Why a Likely Positive Surprise?

Our proven model shows that Gap may beat earnings because it has the right combination of two key components.

Positive Zacks ESP: Gap currently has an Earnings ESP of +1.79%. This is because the Most Accurate estimate stands at 57 cents per share, while the Zacks Consensus Estimate is pegged at 56 cents.

Zacks Rank: Note that stocks with a Zacks Rank #1, 2 and 3 have a higher chance of beating earnings. The Sell-rated stocks (#4 and 5) should never be considered going into an earnings announcement.

The combination of Gap's Zacks Rank #3 (Hold) and Earnings ESP of +1.79% makes us confident of an earnings beat on May 22.

What is Driving Better-than-Expected Earnings?

Gap is a leading player in the highly fragmented specialty retail sector.

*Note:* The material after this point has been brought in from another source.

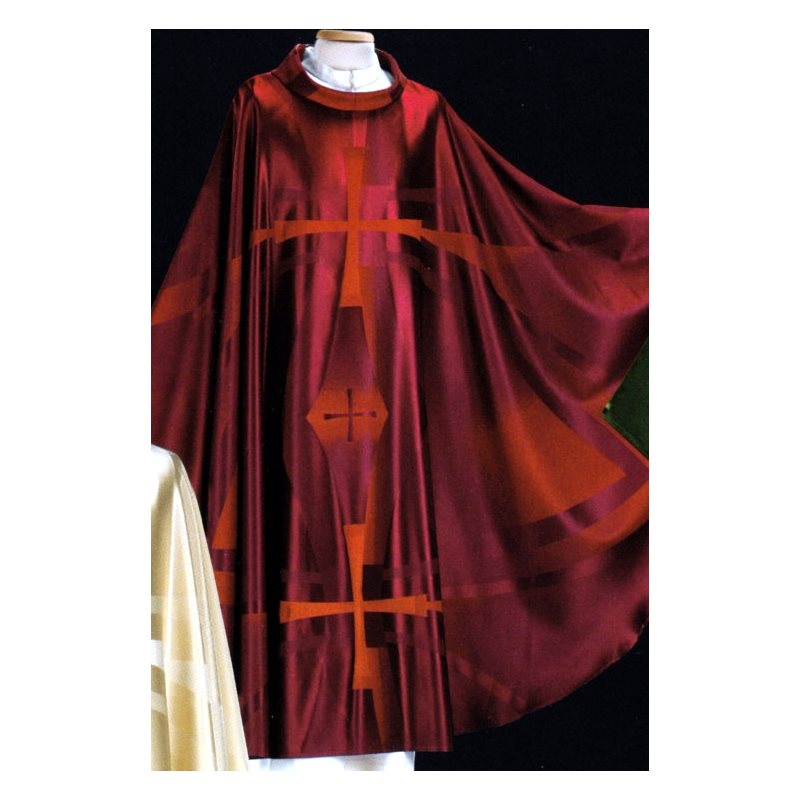 Chasuble #65-000521 Red Silk / Wool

The company's flagship brands Gap, Banana Republic, Old Navy, Piperlime and Athleta have global recognition.

With changing customer preferences, the company is constantly improving its online portal to increase sales. As part of these endeavors, in 2013, Gap introduced “find-in-store” and “Reserve-in-Store” in select locations. Moreover, the company is penetrating deeper in to high potential revenue generating markets like China.

We commend Gap's consistent endeavors to keep itself on the growth trajectory, which has produced desirable results amid a soft economic environment. We believe that Gap's current marketing strategy to drive comps will continue to reap positive results going forward. The company has been adopting a more proactive approach to increase traffic.

Gap has a trailing four-quarter average positive surprise of 2.45%.

Other Stocks to Consider

Gap is not the only firm looking up this earnings season. The following companies are also likely to beat earnings in the to-be-reported quarter

The Kroger Co. KR has an Earnings ESP of +0.95% and holds a Zacks Rank #2 (Buy).

Lions Gate Entertainment Corp. LGF has an Earnings ESP of +7.69% and a Zacks Rank #3.

Abercrombie & Fitch Co. ANF has an Earnings ESP of +22.22% and a Zacks Rank #3.